I also should have been more clear that *in the particular situation I was
talking about* iso-latin-1 as default would be the right thing to do, not
in the general case. Quite often we won't know the correct encoding until
we've executed a command via ssh - iso-latin-1 will allow us to extract the
info we need (which will generally be 7-bit ASCII) without the possibility
of an invalid encoding. Sure we may get mojibake, but that's better than
the alternative when we don't yet know the correct encoding.

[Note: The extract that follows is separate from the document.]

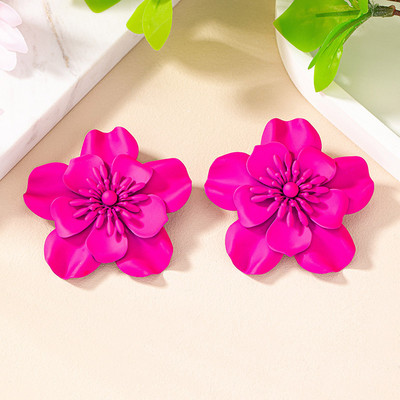 Korea magusad lillelised kõrvarõngad tüdrukutele Moeehted Naiste temperament Mitmevärvilised emailiga kroonlehed kõrvarõngad hulgimüük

> Latin-1 is one of those legacy encodings which needs to die, not to be
> entrenched as the default. My terminal uses UTF-8 by default (as it
> should), and if I use the terminal to input "δжç", Python ought to see
> what I input, not Latin-1 moji-bake.
For some purposes, there needs to be a way to treat an arbitrary stream of
bytes as an arbitrary stream of 8-bit characters. iso-latin-1 is a
convenient way to do that. It's not the only way, but settling on it and
being consistent is better than not having a way.